Mirta Rodríguez López (50 años, natural de Llanterio, en Boal), sonríe para saludar. Tiene la alegría y emoción "metida en el cuerpo" desde que la nombraron guisandera de Asturias y desde que recogió el reconocimiento "de manos de mujeres que admiro mucho". 

Esta vez, no está vestida de fiesta, como lo estaba en el acto de entrega del título, sino con su camisa de guisandera, en su restaurante y hotel, ese escenario donde vio crecer su autoestima, capacidad de trabajo y talento. "Yo no era profesional de la cocina, quiero decir que no estudié cocina, lo que sí sé hacer son las recetas de siempre", advierte. 

Es boalesa y al hablar de sus padres, que mantuvieron viva una ganadería en Llanteiro, se emociona. Brotan las lágrimas y Mirta Rodríguez detiene la conversión. "Recuerdo que teníamos que cruzar el río Navia para ir al colegio, en Boal", informa. El pueblo del que es originaria, donde hoy "no vive nadie", está al otro lado del margen del río, pero pertenece por jurisdicción a Boal. 

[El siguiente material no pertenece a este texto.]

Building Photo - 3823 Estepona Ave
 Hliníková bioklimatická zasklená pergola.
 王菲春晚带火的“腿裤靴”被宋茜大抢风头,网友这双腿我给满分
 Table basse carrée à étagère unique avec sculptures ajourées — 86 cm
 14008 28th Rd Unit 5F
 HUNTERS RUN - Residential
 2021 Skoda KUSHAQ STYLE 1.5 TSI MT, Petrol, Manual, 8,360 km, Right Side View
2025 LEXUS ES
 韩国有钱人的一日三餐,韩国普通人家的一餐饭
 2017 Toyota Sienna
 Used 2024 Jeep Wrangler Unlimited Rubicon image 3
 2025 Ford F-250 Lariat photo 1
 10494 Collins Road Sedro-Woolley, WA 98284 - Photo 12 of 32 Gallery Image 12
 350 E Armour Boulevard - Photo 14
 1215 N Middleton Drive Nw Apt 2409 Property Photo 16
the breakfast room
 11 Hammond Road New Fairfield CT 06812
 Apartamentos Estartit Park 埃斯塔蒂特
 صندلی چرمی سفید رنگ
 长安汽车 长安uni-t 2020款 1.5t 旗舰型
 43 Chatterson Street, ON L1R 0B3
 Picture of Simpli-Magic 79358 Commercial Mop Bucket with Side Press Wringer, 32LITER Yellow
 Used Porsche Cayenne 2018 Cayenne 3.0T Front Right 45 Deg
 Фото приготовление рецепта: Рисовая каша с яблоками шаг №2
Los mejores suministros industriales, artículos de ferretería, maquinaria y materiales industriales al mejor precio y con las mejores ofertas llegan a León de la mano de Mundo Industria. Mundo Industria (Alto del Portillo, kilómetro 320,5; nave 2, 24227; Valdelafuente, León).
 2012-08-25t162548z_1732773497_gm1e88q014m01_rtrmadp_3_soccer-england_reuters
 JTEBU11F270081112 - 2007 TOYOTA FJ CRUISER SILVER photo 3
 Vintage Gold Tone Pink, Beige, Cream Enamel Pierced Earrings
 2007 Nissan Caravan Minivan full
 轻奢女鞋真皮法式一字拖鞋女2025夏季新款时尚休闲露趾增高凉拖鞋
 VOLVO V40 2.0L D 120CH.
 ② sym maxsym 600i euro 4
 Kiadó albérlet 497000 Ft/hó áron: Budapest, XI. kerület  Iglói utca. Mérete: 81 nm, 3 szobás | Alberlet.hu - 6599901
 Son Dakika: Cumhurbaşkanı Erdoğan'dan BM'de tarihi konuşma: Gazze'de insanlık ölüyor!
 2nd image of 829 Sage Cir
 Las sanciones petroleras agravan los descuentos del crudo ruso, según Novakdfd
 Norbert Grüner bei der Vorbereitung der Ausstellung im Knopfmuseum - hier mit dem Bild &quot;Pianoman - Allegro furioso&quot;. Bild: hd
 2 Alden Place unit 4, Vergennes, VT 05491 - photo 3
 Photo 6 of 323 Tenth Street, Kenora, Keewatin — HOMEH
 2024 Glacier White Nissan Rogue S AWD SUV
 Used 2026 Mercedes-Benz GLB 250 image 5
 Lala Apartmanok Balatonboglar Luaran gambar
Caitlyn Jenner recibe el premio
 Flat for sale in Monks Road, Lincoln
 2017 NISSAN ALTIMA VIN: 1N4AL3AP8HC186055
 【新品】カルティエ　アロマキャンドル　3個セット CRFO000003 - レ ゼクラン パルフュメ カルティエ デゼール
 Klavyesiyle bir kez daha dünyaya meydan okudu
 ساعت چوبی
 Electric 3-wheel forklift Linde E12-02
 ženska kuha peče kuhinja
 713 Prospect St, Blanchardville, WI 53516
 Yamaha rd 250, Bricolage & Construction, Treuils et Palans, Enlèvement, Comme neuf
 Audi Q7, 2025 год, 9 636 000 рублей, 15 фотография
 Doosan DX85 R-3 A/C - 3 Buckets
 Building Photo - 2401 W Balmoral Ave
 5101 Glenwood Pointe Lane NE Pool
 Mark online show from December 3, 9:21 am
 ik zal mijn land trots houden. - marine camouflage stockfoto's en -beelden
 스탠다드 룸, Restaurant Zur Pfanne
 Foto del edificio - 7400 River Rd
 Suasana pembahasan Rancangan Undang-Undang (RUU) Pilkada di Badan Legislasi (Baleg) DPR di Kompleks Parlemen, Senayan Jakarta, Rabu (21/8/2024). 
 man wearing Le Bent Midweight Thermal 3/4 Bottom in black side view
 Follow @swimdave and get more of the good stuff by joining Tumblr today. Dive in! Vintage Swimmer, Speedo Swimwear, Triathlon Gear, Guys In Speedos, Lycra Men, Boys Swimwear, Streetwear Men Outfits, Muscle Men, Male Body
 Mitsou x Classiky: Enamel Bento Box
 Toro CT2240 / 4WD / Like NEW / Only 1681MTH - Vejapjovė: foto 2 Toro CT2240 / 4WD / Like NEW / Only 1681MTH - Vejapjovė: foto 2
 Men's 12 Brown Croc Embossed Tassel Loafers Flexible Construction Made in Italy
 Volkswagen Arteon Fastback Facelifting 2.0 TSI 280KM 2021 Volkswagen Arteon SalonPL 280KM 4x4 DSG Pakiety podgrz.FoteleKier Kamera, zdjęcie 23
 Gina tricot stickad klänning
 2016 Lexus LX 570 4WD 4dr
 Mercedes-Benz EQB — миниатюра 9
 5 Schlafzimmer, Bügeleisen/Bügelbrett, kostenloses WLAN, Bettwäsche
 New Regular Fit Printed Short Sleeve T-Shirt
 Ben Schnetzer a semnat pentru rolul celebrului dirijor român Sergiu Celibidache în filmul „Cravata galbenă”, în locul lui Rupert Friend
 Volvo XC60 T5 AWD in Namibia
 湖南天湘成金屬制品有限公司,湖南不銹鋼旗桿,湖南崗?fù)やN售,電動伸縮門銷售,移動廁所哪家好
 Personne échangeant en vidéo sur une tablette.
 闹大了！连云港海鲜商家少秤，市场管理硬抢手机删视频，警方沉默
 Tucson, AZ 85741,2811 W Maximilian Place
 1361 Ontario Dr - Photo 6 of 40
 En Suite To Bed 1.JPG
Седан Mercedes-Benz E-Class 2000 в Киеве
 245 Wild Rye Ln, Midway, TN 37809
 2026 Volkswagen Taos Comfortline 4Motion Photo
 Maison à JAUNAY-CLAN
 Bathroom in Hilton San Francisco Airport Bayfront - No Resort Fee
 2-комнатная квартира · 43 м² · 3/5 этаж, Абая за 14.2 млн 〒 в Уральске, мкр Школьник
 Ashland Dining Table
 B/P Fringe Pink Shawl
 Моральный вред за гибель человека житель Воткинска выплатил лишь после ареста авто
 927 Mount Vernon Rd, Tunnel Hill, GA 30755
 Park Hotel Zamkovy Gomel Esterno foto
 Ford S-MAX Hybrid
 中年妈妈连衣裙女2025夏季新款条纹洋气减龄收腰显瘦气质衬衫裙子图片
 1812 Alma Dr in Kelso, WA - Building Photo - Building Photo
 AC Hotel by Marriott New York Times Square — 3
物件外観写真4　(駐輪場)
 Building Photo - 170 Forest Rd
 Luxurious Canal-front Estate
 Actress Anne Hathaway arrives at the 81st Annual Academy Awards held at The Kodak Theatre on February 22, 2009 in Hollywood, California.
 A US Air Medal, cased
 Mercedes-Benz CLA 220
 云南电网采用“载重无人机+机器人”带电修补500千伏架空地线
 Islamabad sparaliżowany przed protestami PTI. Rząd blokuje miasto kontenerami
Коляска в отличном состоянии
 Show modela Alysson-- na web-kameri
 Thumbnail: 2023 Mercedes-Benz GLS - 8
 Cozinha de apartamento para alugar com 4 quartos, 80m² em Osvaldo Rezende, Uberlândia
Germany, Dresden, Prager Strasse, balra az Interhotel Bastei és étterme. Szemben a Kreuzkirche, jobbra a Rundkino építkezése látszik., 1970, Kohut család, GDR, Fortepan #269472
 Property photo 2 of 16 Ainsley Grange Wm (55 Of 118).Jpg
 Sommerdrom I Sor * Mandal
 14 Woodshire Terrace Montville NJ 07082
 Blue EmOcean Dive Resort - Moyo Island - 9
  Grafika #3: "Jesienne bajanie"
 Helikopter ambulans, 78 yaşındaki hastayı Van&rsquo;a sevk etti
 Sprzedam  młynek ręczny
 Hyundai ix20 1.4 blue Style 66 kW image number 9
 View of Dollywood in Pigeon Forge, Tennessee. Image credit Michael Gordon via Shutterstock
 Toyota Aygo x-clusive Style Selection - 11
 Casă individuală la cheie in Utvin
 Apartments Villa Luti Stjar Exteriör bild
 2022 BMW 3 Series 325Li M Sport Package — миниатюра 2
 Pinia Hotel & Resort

Mirta abandonó pronto aquel hogar para hacer otro en Villayón, de donde es su marido, Santiago Otero. Se casó con 18 años y, dice, en la casa de sus suegros empezó a apasionarse por algo: la cocina. "La recuerdo como un lugar donde siempre había mucha gente; en las fiestas había que hacer mucha comida", apunta. Y allí estaba Mirta Rodríguez atenta a lo que ocurría, aprendiendo sin saberlo ni pretenderlo de un oficio con el hoy no solo se gana el pan, también tiene, gracias a él, un prestigio social. "Al final me gusta cocinar las recetas de antes y ese es mi gran secreto", confiesa mientras pasea con el salón donde se sirven las comidas en El Torneiro de Villayón. Todo está debidamente ordenado. Todo luce orquestado para hacer pasar un buen rato al comensal. Vistas a las sierras de Villayón, paisaje verde del asturiano y mucho mimo en los fogones. "Lo que observo es que ahora no se cocina porque la cocina necesita tiempo. Yo siempre digo a mis clientes: ‘esto lo puedes hacer tú’, pero, claro, hace falta lo que no hay, tiempo". 

La guisandera de Villayón, en los fogones.

La guisandera de Villayón, en los fogones. / A. M. Serrano

Mirta Rodríguez cocina a fuego lento las recetas de toda la vida. Si hoy le proponen pensar en un menú especial para alguien especial, no duda: pote con rabizas y ternera asturiana. Ella es una fiel defensora de producto asturiano. "Tenemos que defender, explicar, respetar y valorar los platos de siempre", esgrime. Hace 18 años que abrió con toda la ilusión su restaurante. Fue su sueño. Pensó en emprender durante mucho tiempo hasta que pudo hacerlo. Recuerda que fue "determinante" una ayuda de 150.000 euros (el 38 por ciento de su inversión inicial para convertir la casa de su suegro, torneiro de profesión, en hotel y restaurante) procedente del entonces Proder. 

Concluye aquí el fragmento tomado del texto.